1. When a Simple Prototype Stops Being Simple

As soon as I started coding, bigger questions appeared:

  • How should actions be organized?

  • How should components behave?

  • How can I write this so it won’t break later?

  • Can this code be useful for future games?

Trying to answer these questions pulled me out of “quick prototype” mode and into deeper architectural thinking. I didn’t want rushed, messy code that would cause problems later  I’d been there before. But trying to avoid future problems too early created its own kind of paralysis.

I kept aiming for a solid foundation I could reuse, but that ambition constantly pushed me backward. Every step forward exposed my own imperfections and stirred up the familiar anxiety of not being good enough. I’ve spent more time worrying about how to express this than actually building the next part of the game.
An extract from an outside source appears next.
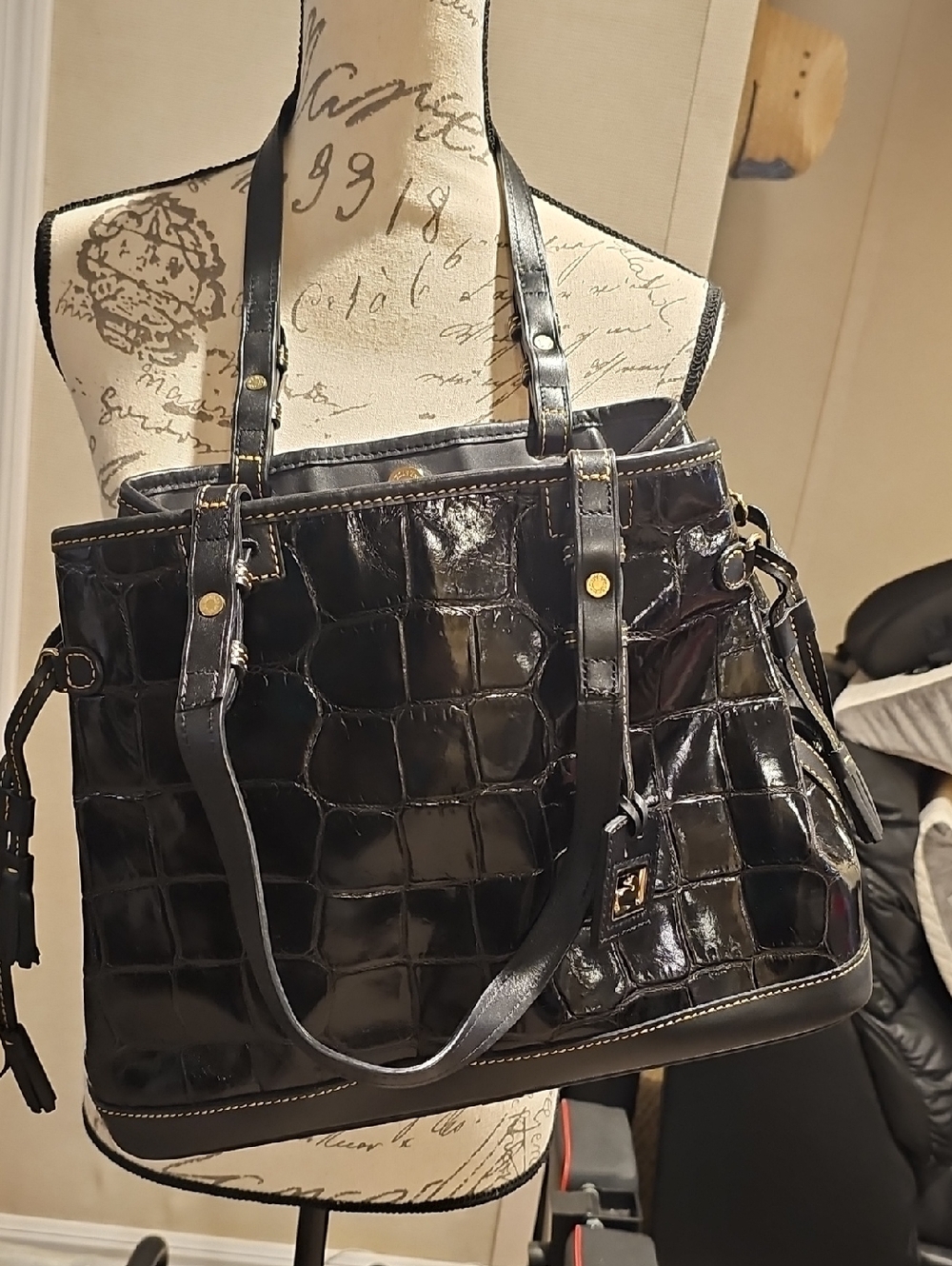 Dooney & Bourke Black Croc-Embossed Tote bag..very good condition - Picture 12 of 15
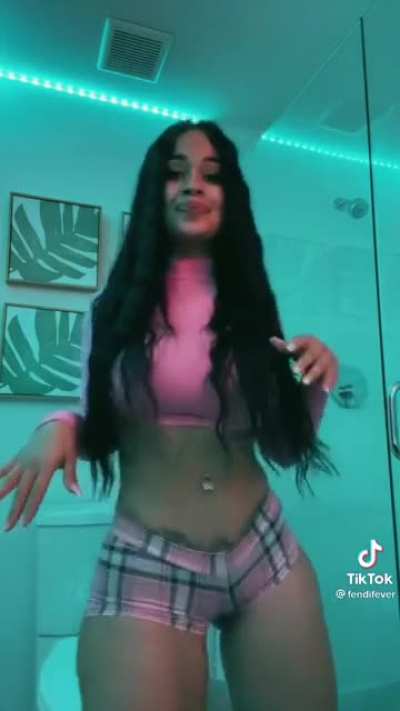 Imagine her doin that on ya meat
Writing this is my way of breaking that cycle and taking the next step.

Where I Am Now

Many commits later, the project has transformed:

  • The card-game idea is gone no more tapping, to give way to the  WASD movement.

  • Instead of messy random generation, I now load levels from a simple ASCII map file.

  • Each symbol in the file maps to a tile or object in the game, giving me a clean, controllable way to build levels.

  • Two core state machines one for the game flow  and another one for better control sprite animations. 

This project has changed shapes more than I expected, but each shift has pushed it toward a clearer structure and a better game. I’m still building, still learning, and now finally moving with purpose instead of getting stuck in the details. The miner game is taking form  and so is the foundation for whatever comes next.